Düşündüm. Çünkü ben kendimi tanıtırken hep en kolay cümlelere sığınırım;
“Şuralıyım, şu işi yapıyorum, şunu okudum.”
Ama bunların hiçbirinde ben yokum.
O zaman kimim ben? Sorusunu sordum kendime ve cevabım ;
‘’Ben, her şeyi öğrenmeye çalışan biriyim. İnsanların davranışlarını, ses tonlarını, hatta sustukları anları bile anlamaya çalışırım. Birinin gözlerindeki ışıltı bana saatlerce konuşacak şey verir. Çünkü bakmak bana yetmez, görmeye çabalarım.

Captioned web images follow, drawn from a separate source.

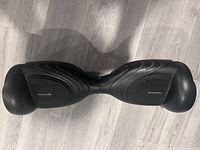 Top view of black Tomoloo hoverboard showing footpads and overall body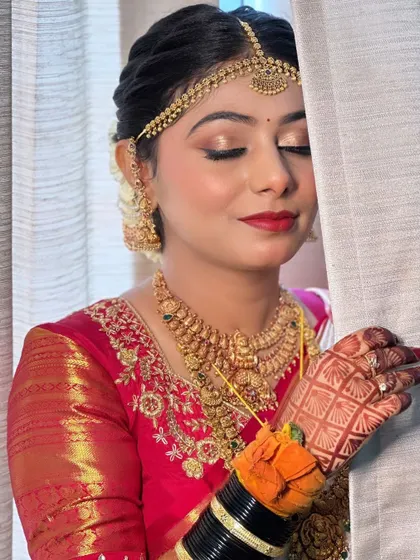 A serene moment captured before the ceremony. Her makeup features a soft gold eyeshadow and a classic red lip, a timeless combination for any South Indian bride.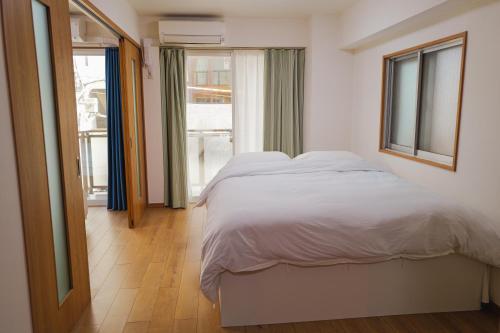 a bedroom with a white bed and a window at 位于新桥的2卧室公寓 in Tokyo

Bazen bir kitaptaki cümleye takılırım, günlerce onun peşinden giderim. Bazen yolda yürüyen bir yabancının adımlarında, bana hiç söylemediği hikayeyi bulurum. Her ayrıntıda bir şey keşfetmeye çalışırım. Bu merak bazen yorucu olsa da aslında beni hayata bağlayan şey tam olarak bu.
Ben kolay gülerim ama zor kırılırım. Kırıldığımda da kimseye yük etmem, kendi içimde taşırım. Dışarıdan güçlü görünürüm, ama içimde sakladığım kırılgan yanımı sadece ben bilirim.
Samimiyet benim için çok önemlidir. Yapmacıklığı, yalanı hemen anlarım. Ama insanları suçlamak yerine, onların neden öyle davrandığını anlamak isterim. Çünkü inanırım ki, herkesin içinde anlatmadığı bir yara vardır.
Kısacası ben; etiketlerden ibaret olmayan, öğrenmeye doymayan, hayatı detaylarda bulan, kırılgan ama güçlü, meraklı biriyim. Belki de benim en belirgin özelliğim şu: Karşılaştığım her şeyden bir hikaye, bir ders, bir anlam çıkarırım.’’
O reels bana şunu hatırlattı!
Kendini tanıtmak, kartvizit okumak değildir. Kendini tanıtmak;
“Ben neyin peşindeyim?
Benim için ne değerli?” diyebilmektir.
Ve galiba ben, her şeyi öğrenmeye çalışan yanımla en çok “kendimi” anlatabiliyorum.